On some platforms it might not be desirable to resort to floating point arithmetic. One might use __int128_t instead. Or there is a more involved trick of converting to the "least common multiple" of the input and the native duration before doing the comparison. That conversion will only involve division (not multiplication) and so can't overflow. However it will not always give accurate answers for two values that are nearly equal.
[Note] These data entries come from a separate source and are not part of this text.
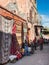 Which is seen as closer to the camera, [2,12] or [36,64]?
[36,64]

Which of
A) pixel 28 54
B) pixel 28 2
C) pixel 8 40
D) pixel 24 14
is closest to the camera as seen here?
pixel 8 40

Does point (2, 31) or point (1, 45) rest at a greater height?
point (2, 31)

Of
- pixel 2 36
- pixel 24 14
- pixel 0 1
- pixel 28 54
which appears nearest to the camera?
pixel 2 36

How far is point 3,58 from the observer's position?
14617 millimetres

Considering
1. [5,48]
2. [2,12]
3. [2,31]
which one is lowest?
[5,48]

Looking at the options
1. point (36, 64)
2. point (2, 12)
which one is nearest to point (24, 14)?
point (2, 12)

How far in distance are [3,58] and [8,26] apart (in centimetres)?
248

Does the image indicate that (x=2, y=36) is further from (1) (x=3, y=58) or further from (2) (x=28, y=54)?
(2) (x=28, y=54)

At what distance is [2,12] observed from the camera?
632 inches

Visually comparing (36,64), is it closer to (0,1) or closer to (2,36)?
(2,36)

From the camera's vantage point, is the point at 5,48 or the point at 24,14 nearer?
the point at 5,48

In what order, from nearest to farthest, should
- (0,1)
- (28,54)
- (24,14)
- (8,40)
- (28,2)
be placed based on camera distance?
(8,40)
(28,54)
(0,1)
(24,14)
(28,2)

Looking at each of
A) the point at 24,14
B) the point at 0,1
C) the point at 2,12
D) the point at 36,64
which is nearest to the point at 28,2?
the point at 24,14

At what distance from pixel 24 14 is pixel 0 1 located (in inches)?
165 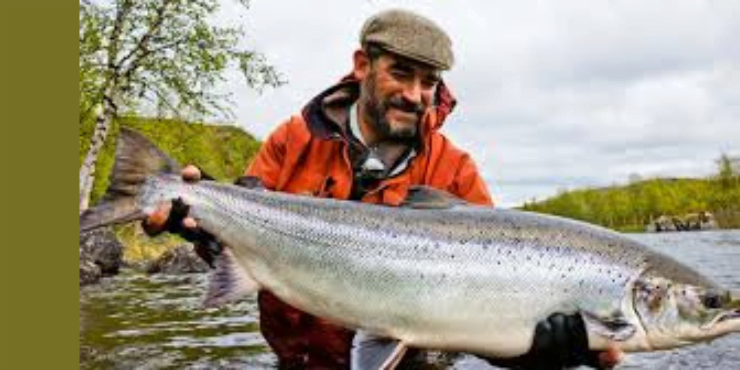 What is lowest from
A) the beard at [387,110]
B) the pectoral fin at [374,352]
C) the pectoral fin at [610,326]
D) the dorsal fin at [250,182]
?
the pectoral fin at [374,352]

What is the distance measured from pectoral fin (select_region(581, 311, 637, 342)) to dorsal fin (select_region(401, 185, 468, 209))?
2.79 feet

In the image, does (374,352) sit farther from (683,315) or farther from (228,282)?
(683,315)

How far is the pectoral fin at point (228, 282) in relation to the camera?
14.5 feet

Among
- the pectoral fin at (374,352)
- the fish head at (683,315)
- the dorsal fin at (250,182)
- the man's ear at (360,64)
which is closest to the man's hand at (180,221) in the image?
the dorsal fin at (250,182)

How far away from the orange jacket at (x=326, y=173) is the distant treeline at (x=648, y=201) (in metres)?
101

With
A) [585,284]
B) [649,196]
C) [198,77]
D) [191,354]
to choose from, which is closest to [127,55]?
[198,77]

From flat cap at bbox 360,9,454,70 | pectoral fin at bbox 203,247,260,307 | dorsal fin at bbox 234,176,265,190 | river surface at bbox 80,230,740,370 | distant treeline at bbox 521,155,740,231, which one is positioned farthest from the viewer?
distant treeline at bbox 521,155,740,231

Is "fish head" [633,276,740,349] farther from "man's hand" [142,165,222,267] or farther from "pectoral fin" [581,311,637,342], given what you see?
"man's hand" [142,165,222,267]

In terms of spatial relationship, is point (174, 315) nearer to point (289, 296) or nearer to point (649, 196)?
point (289, 296)

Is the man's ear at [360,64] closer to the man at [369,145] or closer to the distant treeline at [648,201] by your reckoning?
the man at [369,145]

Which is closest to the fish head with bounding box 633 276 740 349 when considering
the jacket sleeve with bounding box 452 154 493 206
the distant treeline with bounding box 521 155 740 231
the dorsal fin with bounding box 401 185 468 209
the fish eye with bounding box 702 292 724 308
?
the fish eye with bounding box 702 292 724 308

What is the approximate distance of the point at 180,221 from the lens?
173 inches

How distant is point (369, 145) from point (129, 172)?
1637mm

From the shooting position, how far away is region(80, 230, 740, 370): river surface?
827 cm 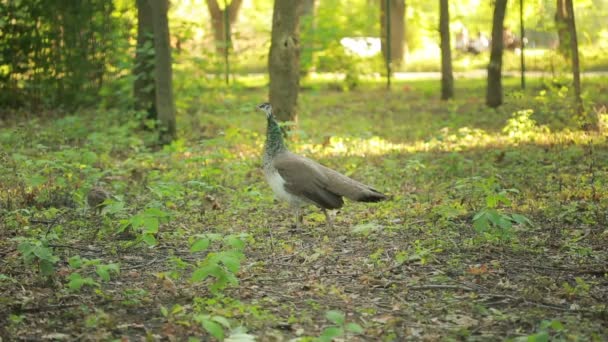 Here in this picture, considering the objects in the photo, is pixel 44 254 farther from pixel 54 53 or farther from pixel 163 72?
pixel 54 53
But it should work well enough for this use case.

For those interested in the latter (lcm) strategy, here is how to compute that type:

namespace detail
{

template <class Duration0, class ...Durations>
struct lcm_type;

template <class Duration>
struct lcm_type<Duration>
{
    using type = Duration;
};

template <class Duration1, class Duration2>
struct lcm_type<Duration1, Duration2>
{
    template <class D>
    using invert = std::chrono::duration
                   <
                       typename D::rep,
                       std::ratio_divide<std::ratio<1>, typename D::period>
                   >;

    using type = invert<typename std::common_type<invert<Duration1>,
                                                  invert<Duration2>>::type>;
};

template <class Duration0, class Duration1, class Duration2, class ...Durations>
struct lcm_type<Duration0, Duration1, Duration2, Durations...>
{
    using type = typename lcm_type<
                     typename lcm_type<Duration0, Duration1>::type,
                     Duration2, Durations...>::type;
};

}  // namespace detail

One can think of lcm_type<duration1, duration2> as the opposite of common_type<duration1, duration2>. The former finds a duration which the conversion to only divides. The latter finds a duration which the conversion to only multiplies.